River Irwell - History - 20th Century

20th Century

In 1939 the Mersey and Irwell Joint Committee was superseded by the Lancashire Rivers Board, but wartime conditions brought about further deterioration of the river. In 1951, the Rivers (Prevention of Pollution) Act was passed and this board disappeared to be replaced by the Mersey River Board, which was replaced in turn by the Mersey and Weaver River Authority in 1965.

In 1946, there was serious flooding in Salford, caused by a bottleneck at a bend in the river at Strangeways, on the border with Manchester. Flooding had been a problem for hundreds of years, and, in 1946, the decision was made to straighten and widen the river to increase its capacity. Work started in 1951 but it was not until September 1970 that water first flowed through the Anaconda Cut. The total cost of the project was £2m.

In a question to the House of Commons in 1950 the Member of Parliament for Rossendale, Mr. Anthony Greenwood, highlighted the lamentable condition of the Irwell and one of its main tributaries, the River Roch:

Today I am afraid that fish in most of those rivers are virtually extinct. Anybody who stands today in the City of Manchester outside the Exchange Station and looks down at the noisome black water which flows beneath him would find it difficult to believe that any fish, or any other living creature, could ever have lived in what the Manchester Guardian has so rightly called that "melancholy stream"... I have had my differences with the British Field Sports Society, but I have nothing but admiration for the excellent series of reports on river pollution which have been prepared for that Society... and ventured to suggest that they should make a similar survey of the Rivers Irwell and Roach. These two rivers were covered by the third report; and very sorry reading it made. There are two passages in that report which I should like to read. The first says: "The banks are lined with factories, large and small, many of which take their water from the drainage of the hills forming the slopes of the river's valley, and discharge it as a polluted effluent, either into the small feeders, or the main river itself, so it may be said that no natural water normally enters the river from its cradle in the moors to its grave in the Manchester Ship Canal." The second quotation is one which I find still more appalling than the first. It is: "There are no fish in these rivers (apart from a very occasional tributary), no insects, no weeds, no life of any kind except sewage fungus, nothing but chemicals and any dirt which cannot be put to profitable use. Sewage effluents (and, being usually very good, they are the most encouraging feature of the appalling situation) are hailed with delight as being the purest water which the rivers hold." The full importance of that statement will be realised when I remind hon.

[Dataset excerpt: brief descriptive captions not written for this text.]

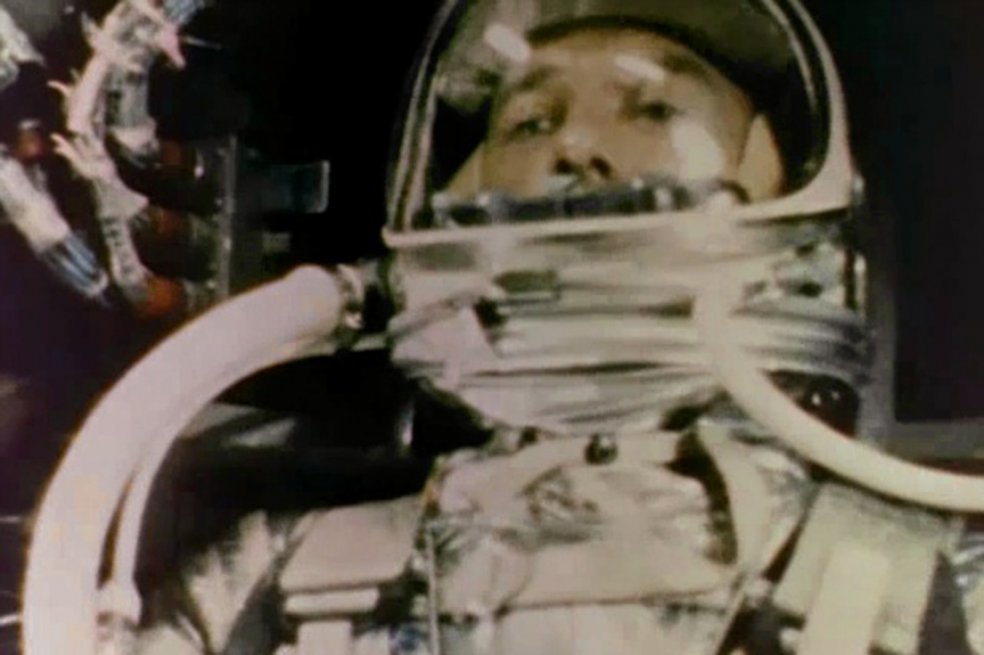 Das Farbporträt zeigt Alan B. Shepard im Astronautenanzug. Von seinem Gesicht sind nur Nase und Augen hinter dem Helmvisier zu sehen.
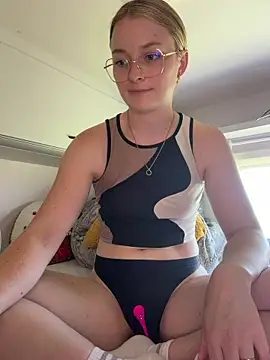 melanieTesss live cam, Germany, Average, Blonde, Brown - EroticFlix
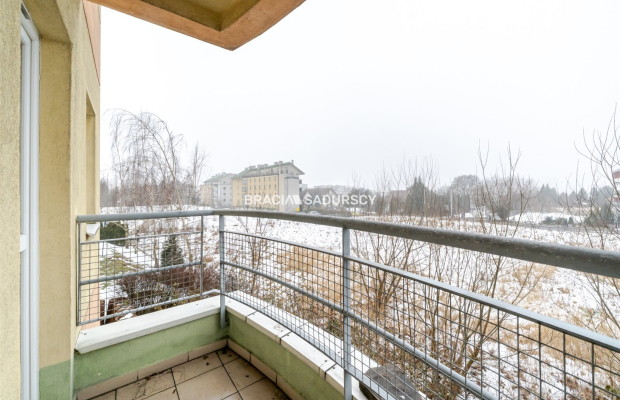 Przytulne mieszkanie z garażem podziemnym w południowej części Krakowa - spokojna dobrze skomunikowana okolica.  

  Biuro nier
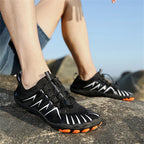 Unisex-Schnelltrocknende Wasserschuhe Herren Damen Bunte Strand-Schwimm-Surf-Wasserschuhe Paar Barfuß-Upstream-Sneaker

Members of the frequency with which residents in Bacup, Ramsbottom, Manchester and Salford are subjected to flooding from the waters of the Irwell.

In 1951, it was announced that flood defence works were to be carried out on the stretch of the river passing through Lower Broughton between Cromwell Bridge and Gerald Road Bridge, although local property owners and shopkeepers were outraged at being asked to bear part of the cost. Work on the 8-foot-thick (2.4 m) concrete wall did not get underway until June 1952 and was still only nearing completion when, in August 1957, nearby homes were threatened by flooding during heavy rain.